A justificativa dos autores é que “são corriqueiras, no Judiciário Trabalhista, ações de reconhecimento de vínculo de emprego e de reversão de dispensas motivadas, nas quais se firma conciliação pela qual o ex-empregador, reclamado, entrega ao ex-empregado formulários para habilitação ao recebimento do benefício previdenciário”. Segundo eles, esse seria um dos “ralos” do benefício, pois “é comum que nenhum recolhimento previdenciário seja feito pelo ex-empregador”.

“É bem verdade que nem sempre a culpa pela ausência de registro do contrato de trabalho é exclusiva do empregador. Há relatos vários de empregados que se recusam a entregar sua CTPS para anotação no prazo e forma devidos”, continuam. Pela alteração proposta na legislação, o empregado poderia ter de esperar indenização na Justiça para obter os valores devidos. Para as empresas, a proposta também não é vista com bons olhos.
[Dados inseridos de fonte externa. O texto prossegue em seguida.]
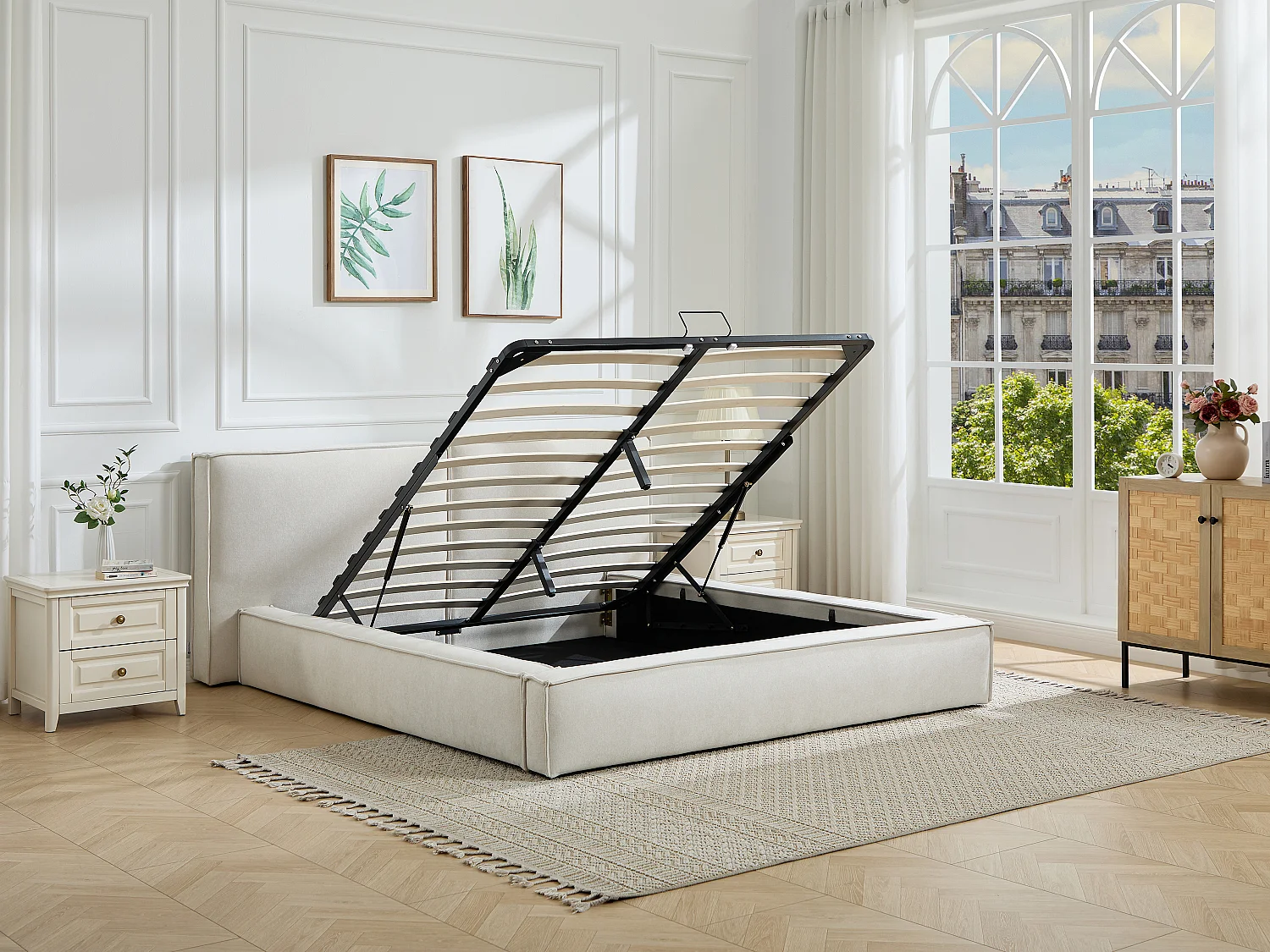 Lit coffre 160 x 200 cm – Tissu – Beige - TAVESO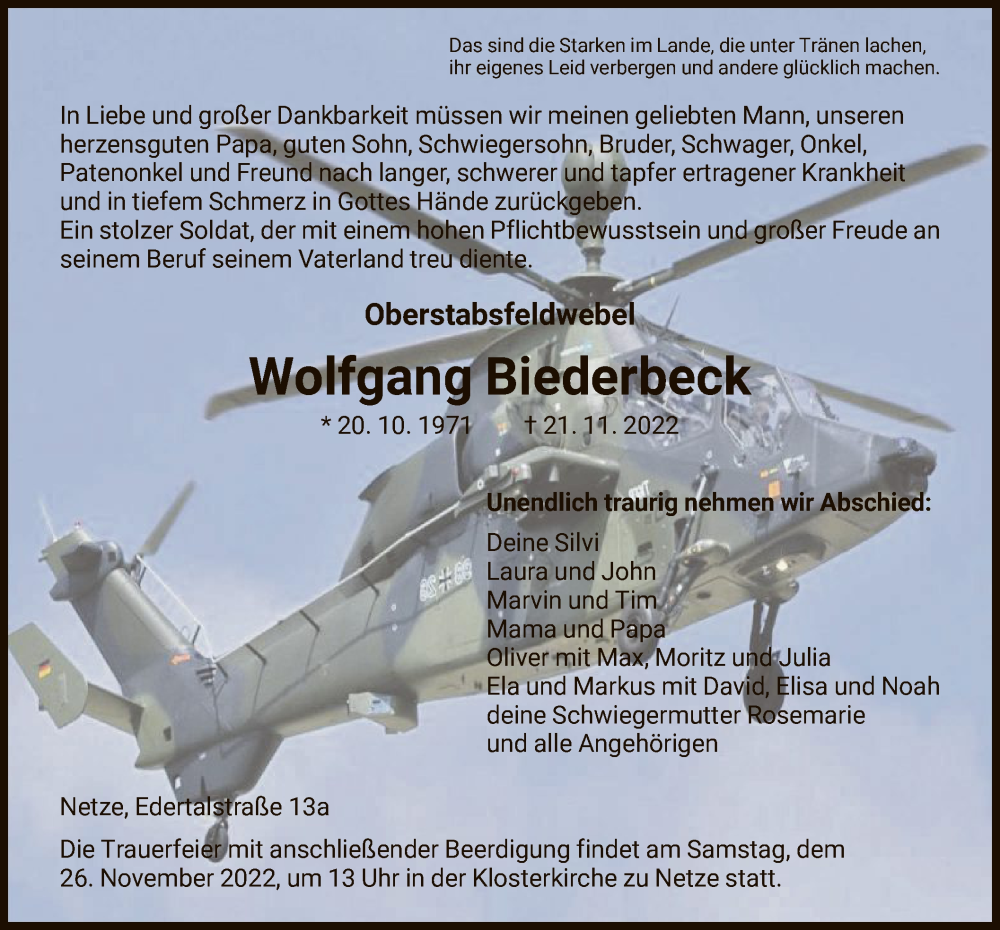  Traueranzeige für Wolfgang Biederbeck vom 23.11.2022 aus HNA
“O que o Estado estaria fazendo seria transferir uma obrigação dele para o empregador. Não fica claro se é referente à contribuição previdenciária individual ou sobre a folha. Assim, qualquer descuido de uma empresa ou discussão judicial com o INSS vai ensejar uma nova obrigação pela empresa e o empregado ficará sem benefício”, avalia Antonio Carlos Frugis, sócio do escritório Soto Frugis Advogados, em São Paulo, e membro do conselho de relações trabalhistas da Federação das Indústrias de São Paulo (Fiesp).